Data from analytics firm Grant Thornton show that Indian companies spent $14 billion on foreign acquisitions in 2012 — higher by 27 per cent than in 2011. This was also the year that witnessed a sharp depreciation in the rupee, which slipped from 46.5 to 53.4 to a dollar — a 15 per cent fall. In 2013, including the Apollo Tyres deal, Indian players have spent close to $3.5 billion so far, which is a sharp 72 per cent increase over the same period last year. This is despite the rupee plunging to near-59 levels last week.
This situation is in sharp contrast to the past, when overseas acquisitions dipped as the rupee depreciated and picked up as the unit strengthened. In 2007, as the rupee appreciated from 45.3 to a dollar to 41.3, Indian companies made a beeline to buy businesses abroad, spending $33 billion in overseas investments that year. One such landmark deal was Tata Steel’s acquisition of Anglo-Dutch steel maker Corus for over $12 billion.
The same trend played out in 2010, when the rupee’s appreciation was accompanied by a sharp surge in foreign acquisitions, worth $22 billion. This was the year Bharti bought South Africa’s Zain for $10.7 billion.
Why go abroad
But why are companies so keen to diversify abroad now, despite the weak rupee? One motive could be to diversify revenues from India, where business seems to be dull. Venturing overseas gives companies access to new markets, such as a larger market for radial tyres for Apollo. Apollo Tyres expects to get 50-60 per cent of its consolidated revenues from the US and Europe once this deal is through.

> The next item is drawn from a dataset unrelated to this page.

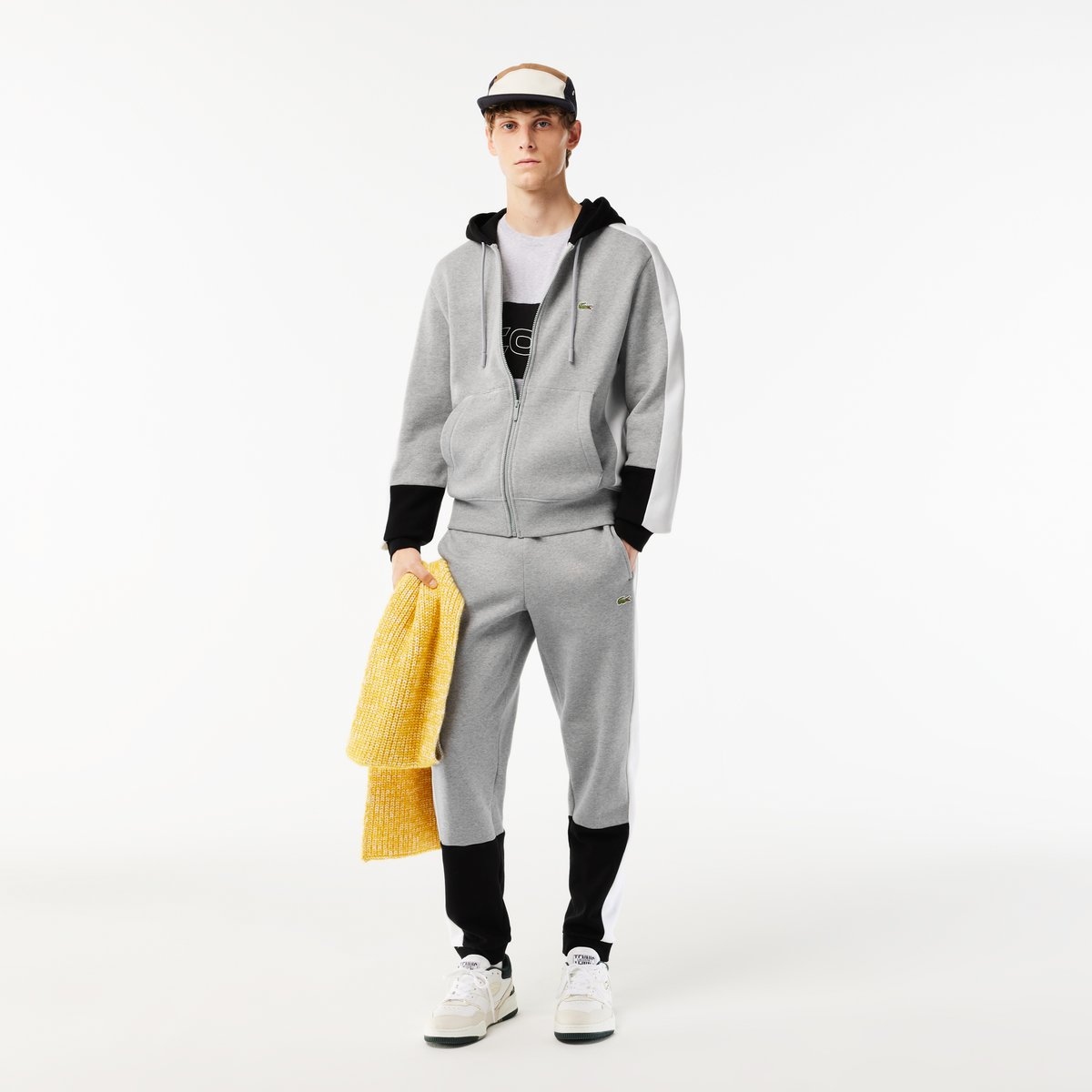 Sweatshirt zippé à capuche color-block gris-sj1, LACOSTE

This also ensures that the company will earn a majority of its revenues in foreign currency.
Onkar S. Kanwar, Chairman, Apollo Tyres, justifies the buy saying: “The combined company will be uniquely positioned to address large, established markets, such as the US and Europe, as well as the fast-growing markets of India, China, Africa, and Latin America, where there is significant potential for further growth.”
“Most of the recent transactions were driven by fundamental strategic reasons, such as market expansion, new brands and technology, forward or backward integration, etc. Of course, managing currency exposures is critical since un-hedged positions can prove costly, and there are enough examples of such mistakes” says Rajendra Nalam, Partner, BMR Advisors.
Easier availability of natural resources or raw materials could be another reason, as most sectors in India continue to scramble for key inputs, points out another expert from an M&A advisory firm.
The ability to raise low-cost funds overseas is a big draw too. “Easy accessibility and low cost of debt capital through financial institutions in the international market is one of the prime factors leading to the maximum number of overseas acquisitions by Indian corporates”, says a report published by KPMG and Assocham.